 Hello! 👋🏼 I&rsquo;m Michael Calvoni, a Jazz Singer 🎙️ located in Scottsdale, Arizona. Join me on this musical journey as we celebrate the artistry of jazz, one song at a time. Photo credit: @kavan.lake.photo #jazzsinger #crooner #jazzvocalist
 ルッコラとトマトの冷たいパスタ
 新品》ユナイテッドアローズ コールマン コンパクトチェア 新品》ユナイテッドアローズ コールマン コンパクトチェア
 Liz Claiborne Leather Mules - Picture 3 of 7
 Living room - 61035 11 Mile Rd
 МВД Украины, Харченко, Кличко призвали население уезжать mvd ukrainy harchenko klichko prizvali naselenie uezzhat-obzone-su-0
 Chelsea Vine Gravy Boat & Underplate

····················

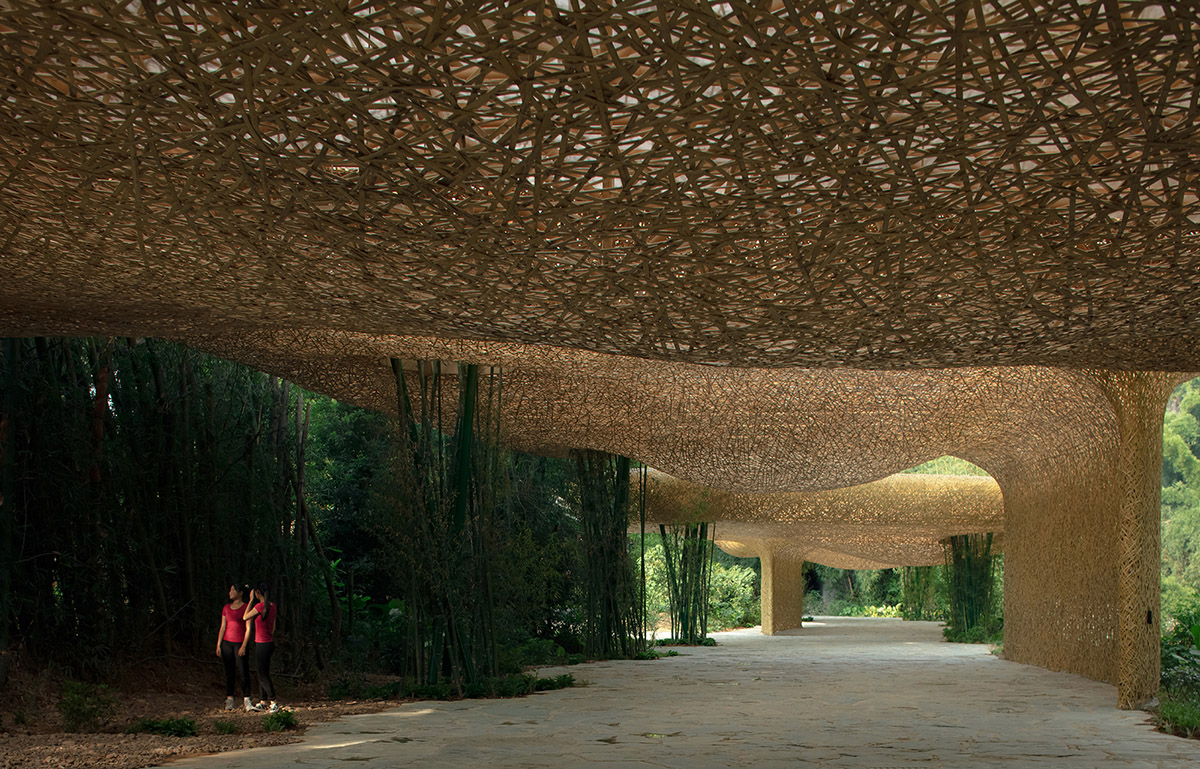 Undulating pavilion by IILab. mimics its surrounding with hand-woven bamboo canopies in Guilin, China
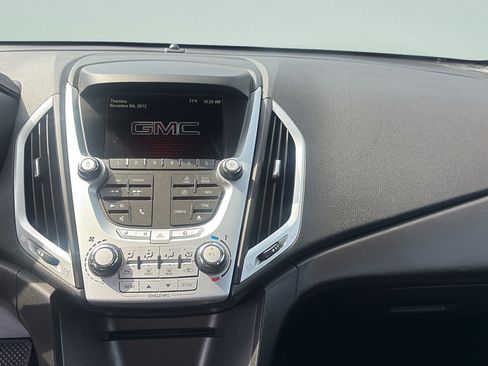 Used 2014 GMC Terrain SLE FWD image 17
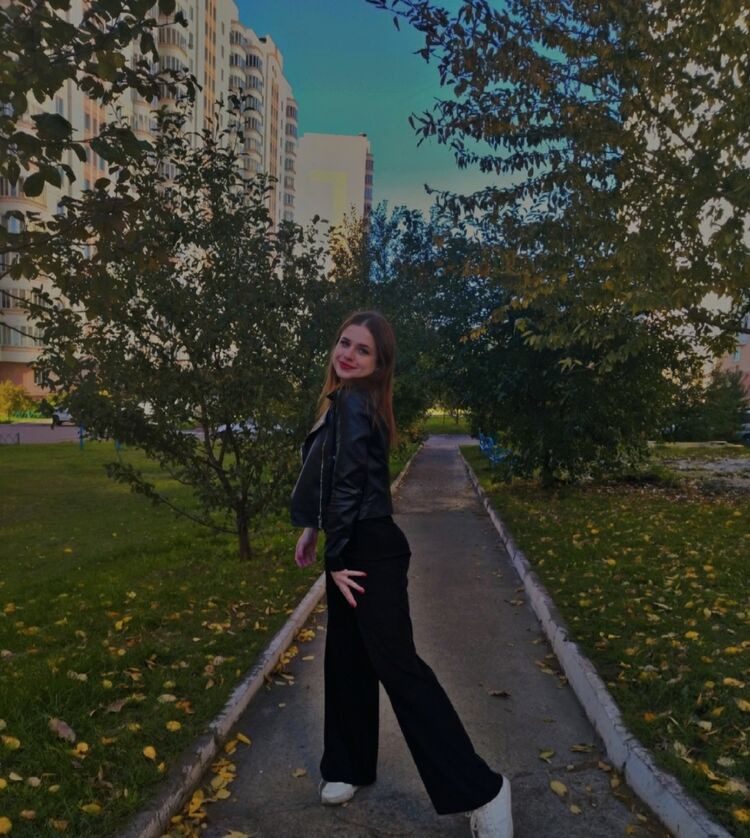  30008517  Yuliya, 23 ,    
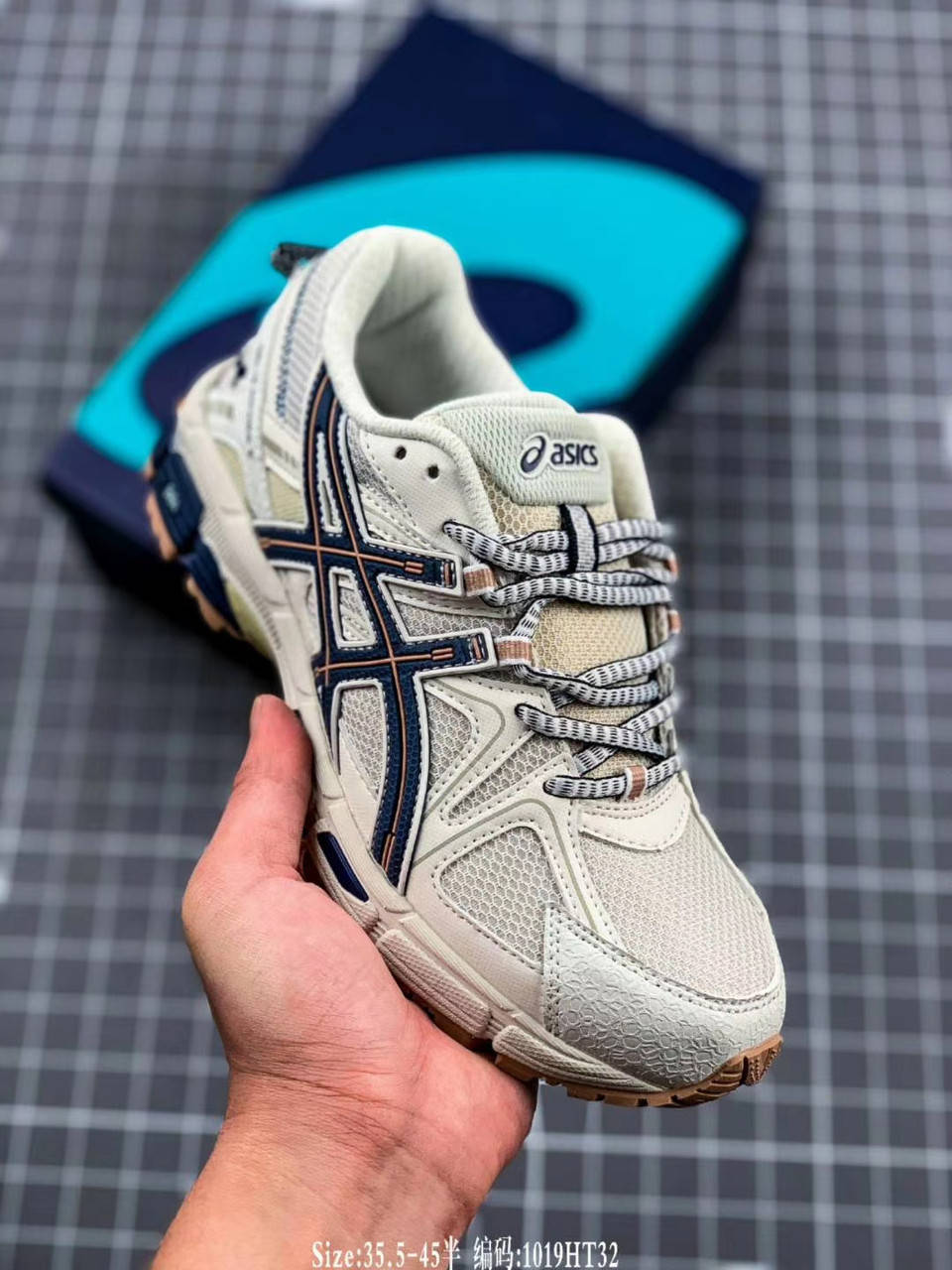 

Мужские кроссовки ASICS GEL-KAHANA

····················

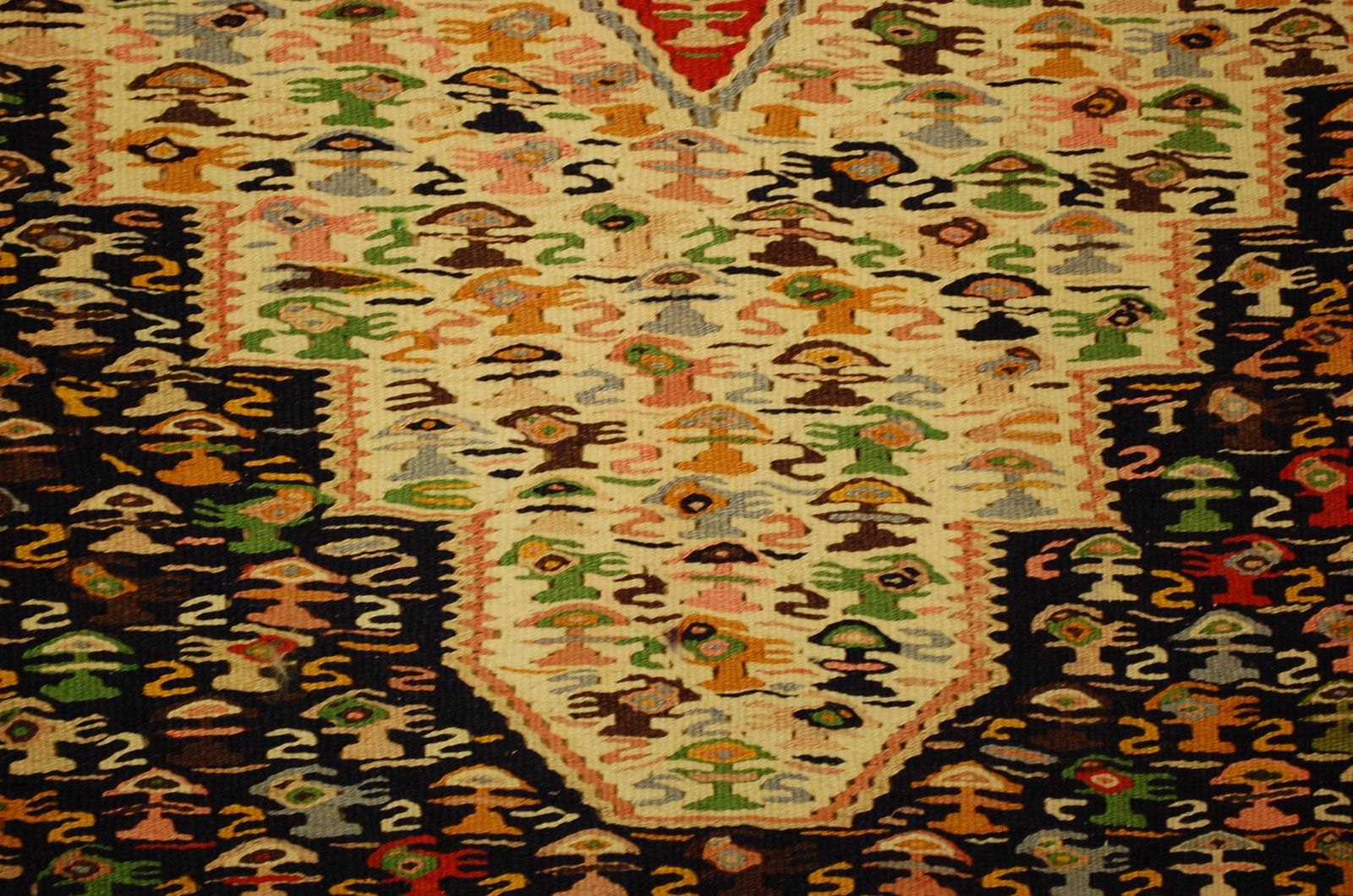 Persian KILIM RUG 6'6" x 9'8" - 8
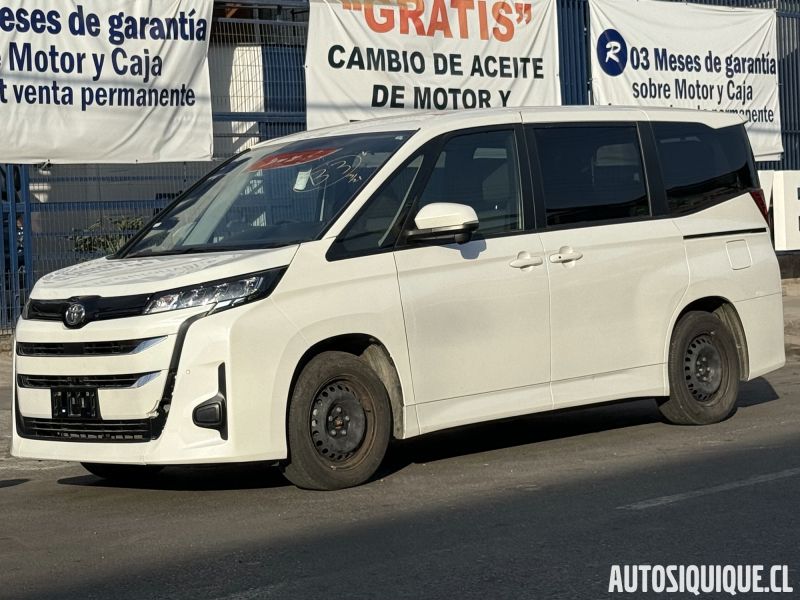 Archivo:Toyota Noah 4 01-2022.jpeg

····················

▶ **About this task**:
Scan the entries above for the line containing "Liz Claiborne Leather Mules - Picture 3 of 7", and copy it and all lines after it exactly, down to and including the line containing "Chelsea Vine Gravy Boat & Underplate".

▶ **Written response**:
 Liz Claiborne Leather Mules - Picture 3 of 7
 Living room - 61035 11 Mile Rd
 МВД Украины, Харченко, Кличко призвали население уезжать mvd ukrainy harchenko klichko prizvali naselenie uezzhat-obzone-su-0
 Chelsea Vine Gravy Boat & Underplate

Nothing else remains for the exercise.